BEGIN GIVEN DATA

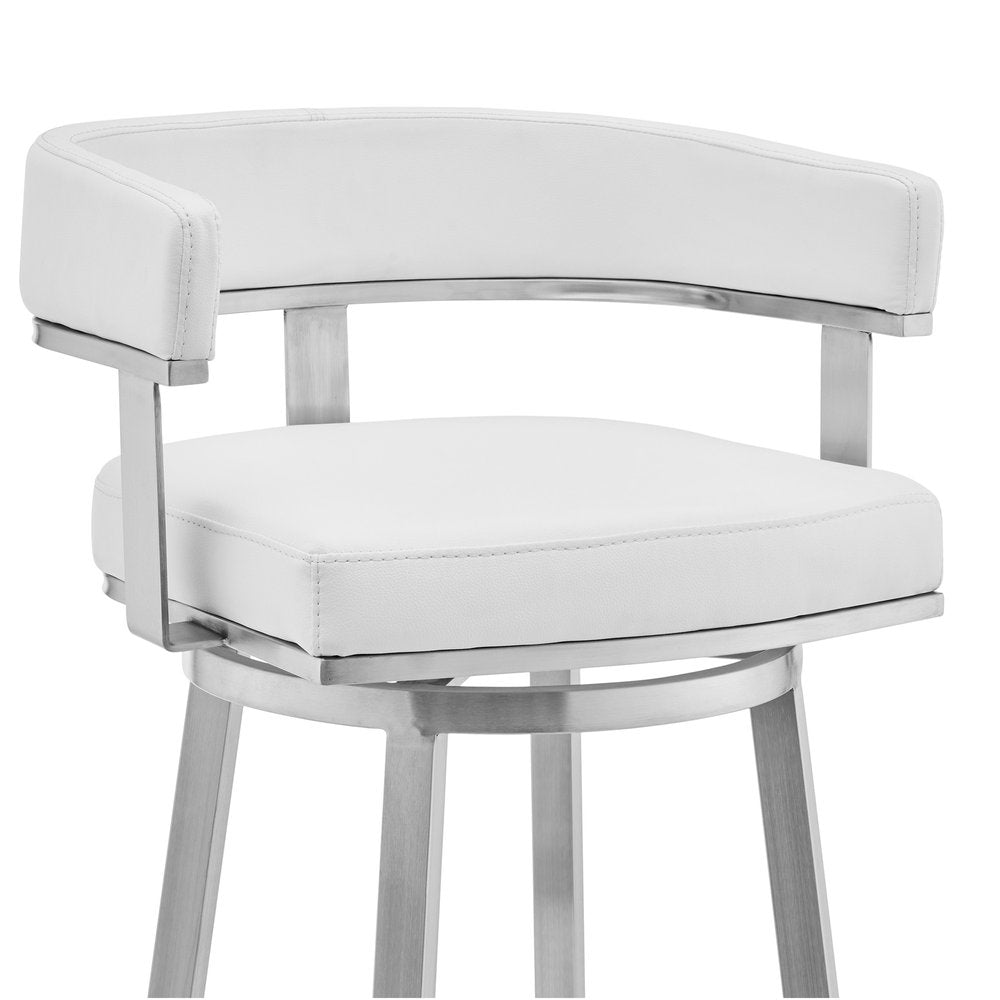 26" White And Silver Faux Leather And Fabric And Steel Low Back Counter Height Swivel Bar Chair HomeRoots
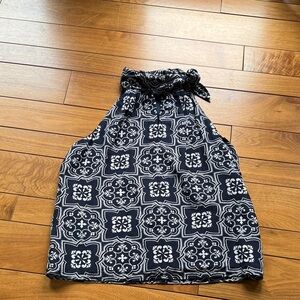 Ann Taylor Navy and Cream Patterned Halter Top
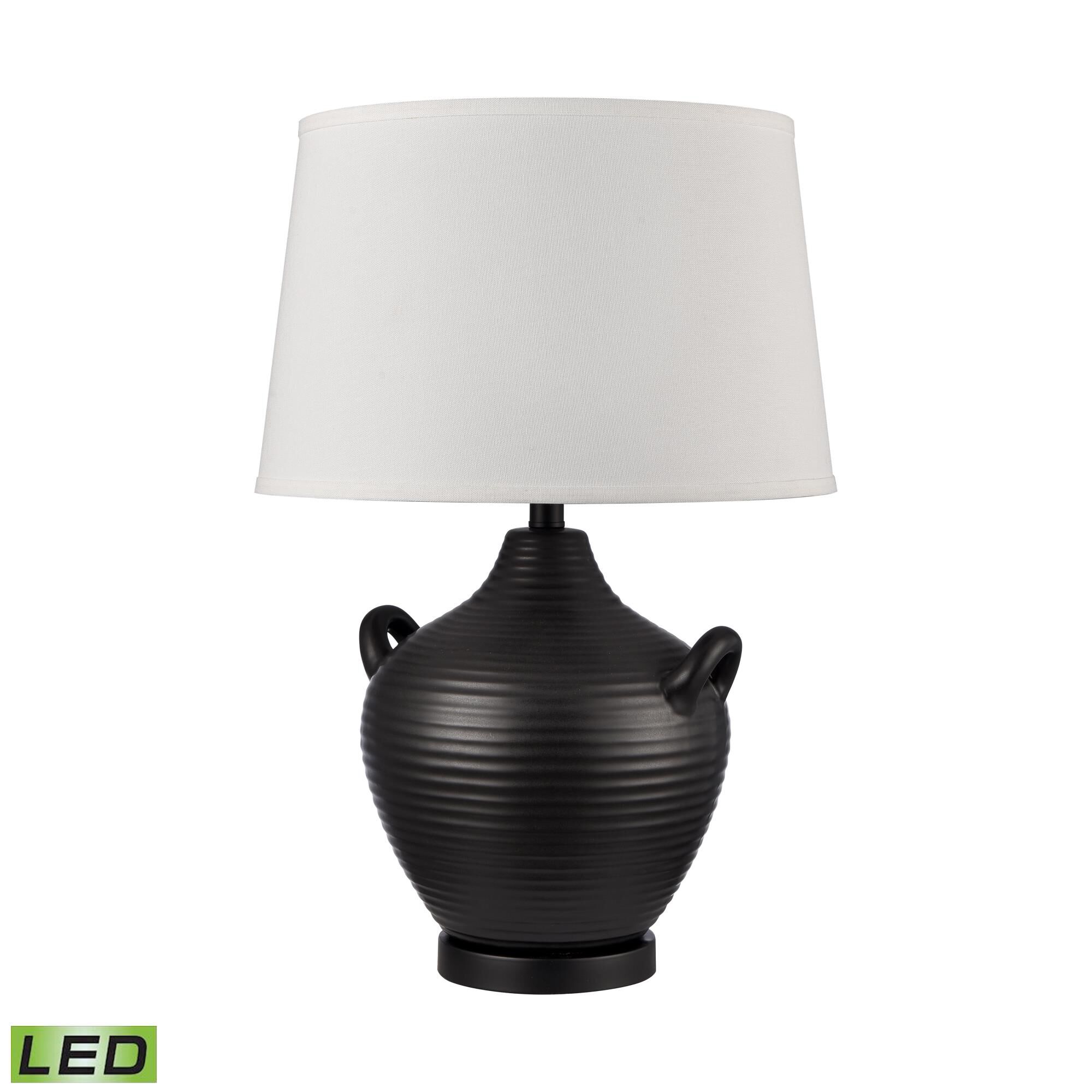 Shown in Gloss Black finish and White Linen shade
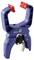 A blue plastic clamp with red protective elements on the gripping jaws, suitable for DIY tasks or craft projects.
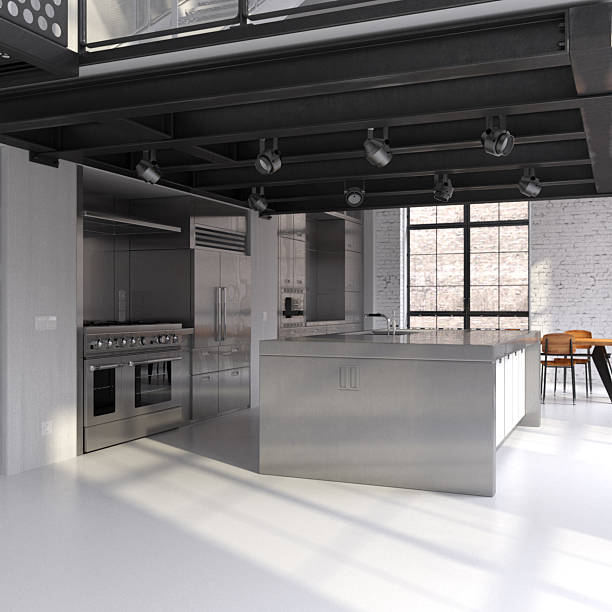 Acier moderne cuisine industrielle de style loft - Photo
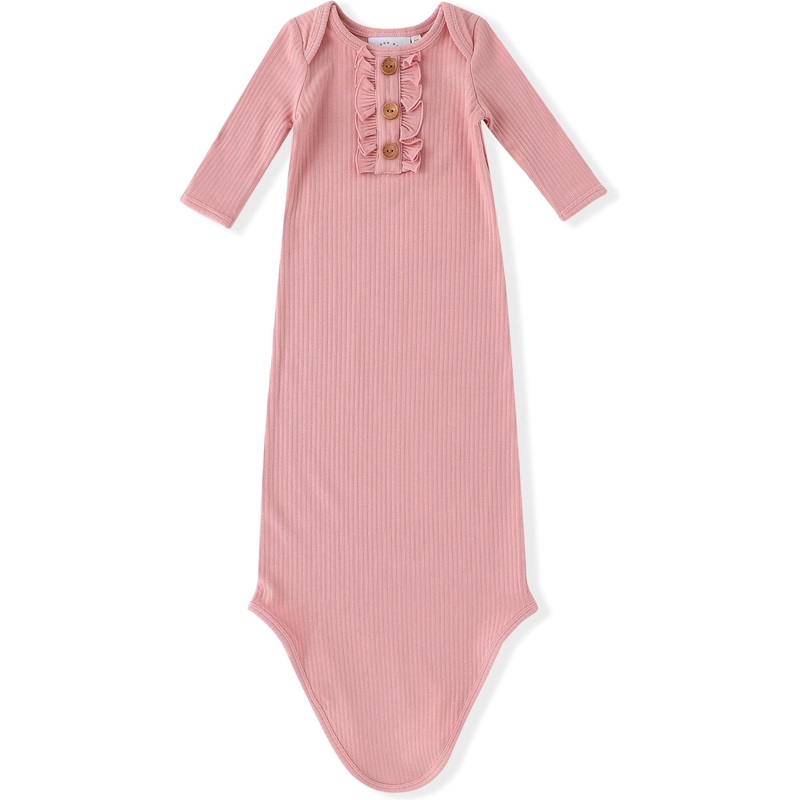 Swoon Baby Clothing Pink Ribbed Knotted Gown Newborn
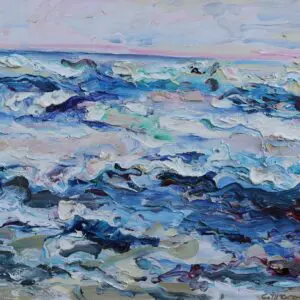 Impressionist painting of a turbulent sea with waves and a distant horizon.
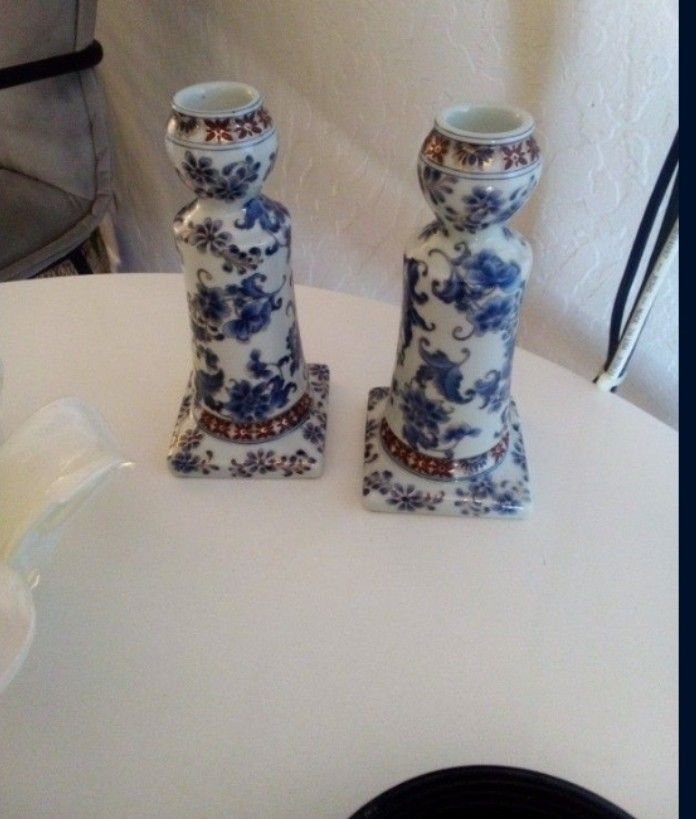 Antique Set Of Porcelain Candle Holders W/ Blue Roses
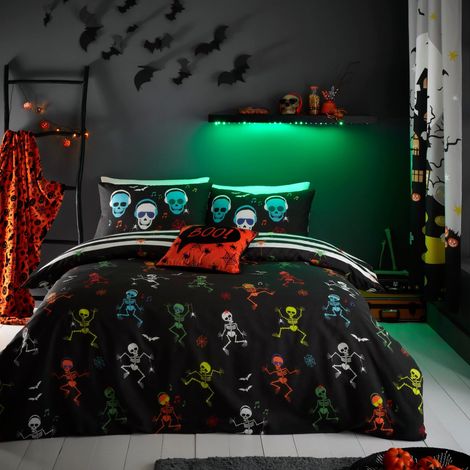 Housse de Couette Halloween Squelette Taille Lit Double (200 x 200cm) Réversible Designs Housse de Couette Lumineuse Squelettes Dansants (1/5)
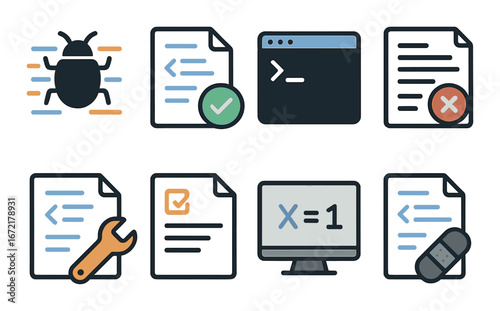 Software bug fixing and development icons with tools and code elements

END GIVEN DATA

■ **EXERCISE AIM**: Output only the lines running from the top of the data above to the line with "A blue plastic", inclusive, word for word and without pictures.

■ **RESPONSE FOR THIS EXERCISE**:
 26" White And Silver Faux Leather And Fabric And Steel Low Back Counter Height Swivel Bar Chair HomeRoots
 Ann Taylor Navy and Cream Patterned Halter Top
 Shown in Gloss Black finish and White Linen shade
 A blue plastic clamp with red protective elements on the gripping jaws, suitable for DIY tasks or craft projects.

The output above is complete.